### ABOUT THIS TASK
Please reproduce all of the data below exactly, leaving each picture out.

━━ DATA

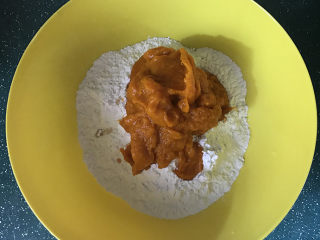 2、南瓜豆沙汤圆,用勺子舀出南瓜泥放微波炉叮2分钟，趁热倒入糯米粉中，用筷子搅匀成颗粒状；再根据面团的干湿情况，分次加入110克室温的水，边加边搅拌均匀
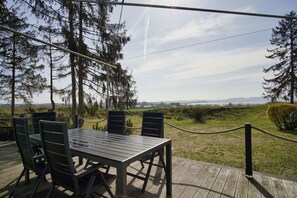 Un espace extérieur aménagé avec une table et des chaises, délimité par une barrière en corde et entouré d’arbres.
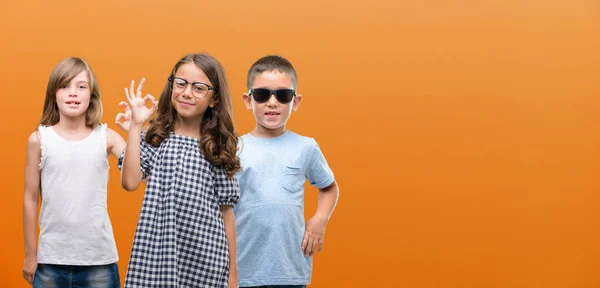 Grupo Niños Niñas Niños Sobre Fondo Naranja Haciendo Signo Con —  Fotos de Stock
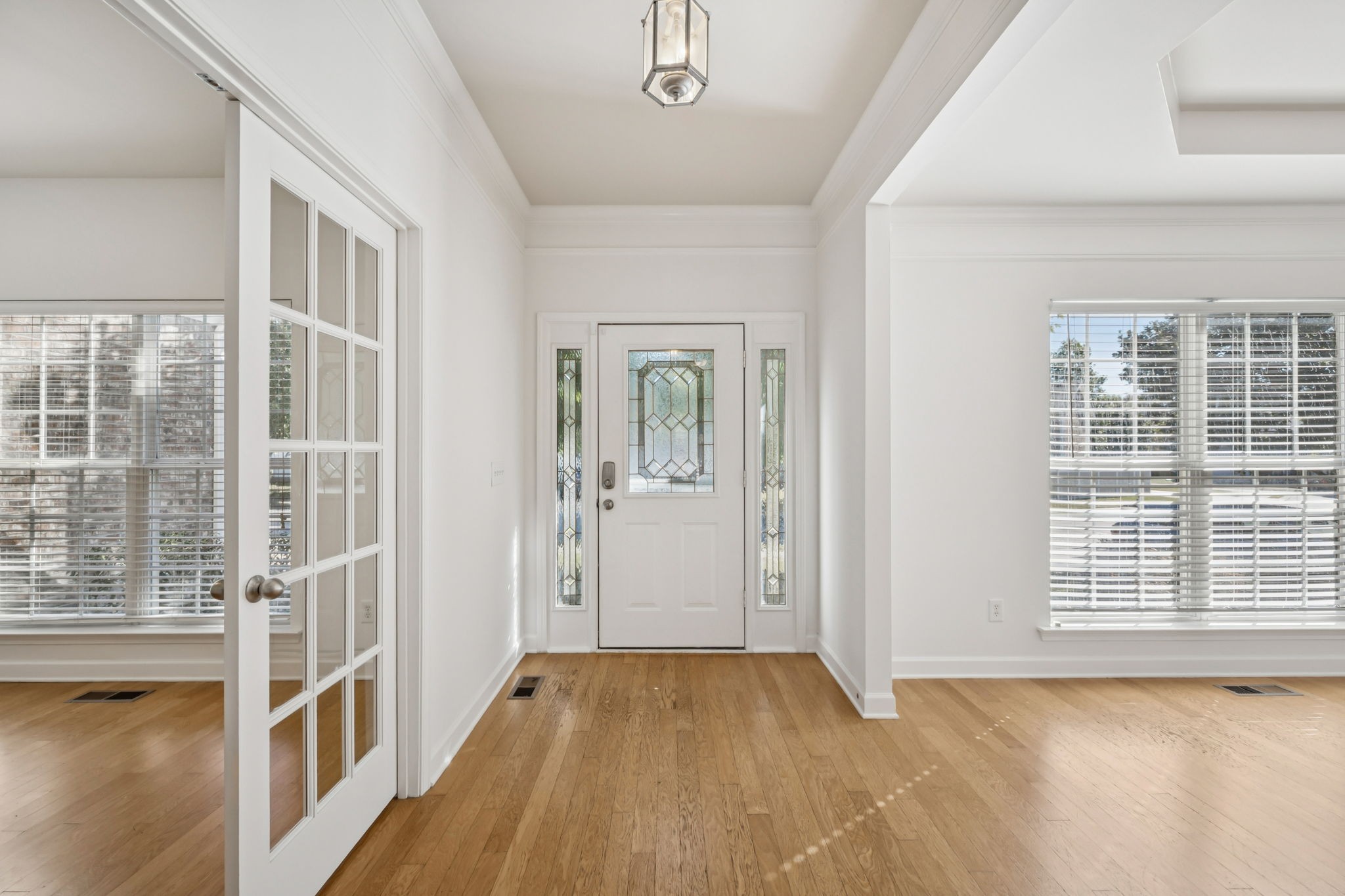 2006 Flocking Drive Spring Hill, TN 37174 - Photo 9 of 86 wooden floor in an empty room with a window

━━━━

### WRITTEN RESPONSE
 2、南瓜豆沙汤圆,用勺子舀出南瓜泥放微波炉叮2分钟，趁热倒入糯米粉中，用筷子搅匀成颗粒状；再根据面团的干湿情况，分次加入110克室温的水，边加边搅拌均匀
 Un espace extérieur aménagé avec une table et des chaises, délimité par une barrière en corde et entouré d’arbres.
 Grupo Niños Niñas Niños Sobre Fondo Naranja Haciendo Signo Con —  Fotos de Stock
 2006 Flocking Drive Spring Hill, TN 37174 - Photo 9 of 86 wooden floor in an empty room with a window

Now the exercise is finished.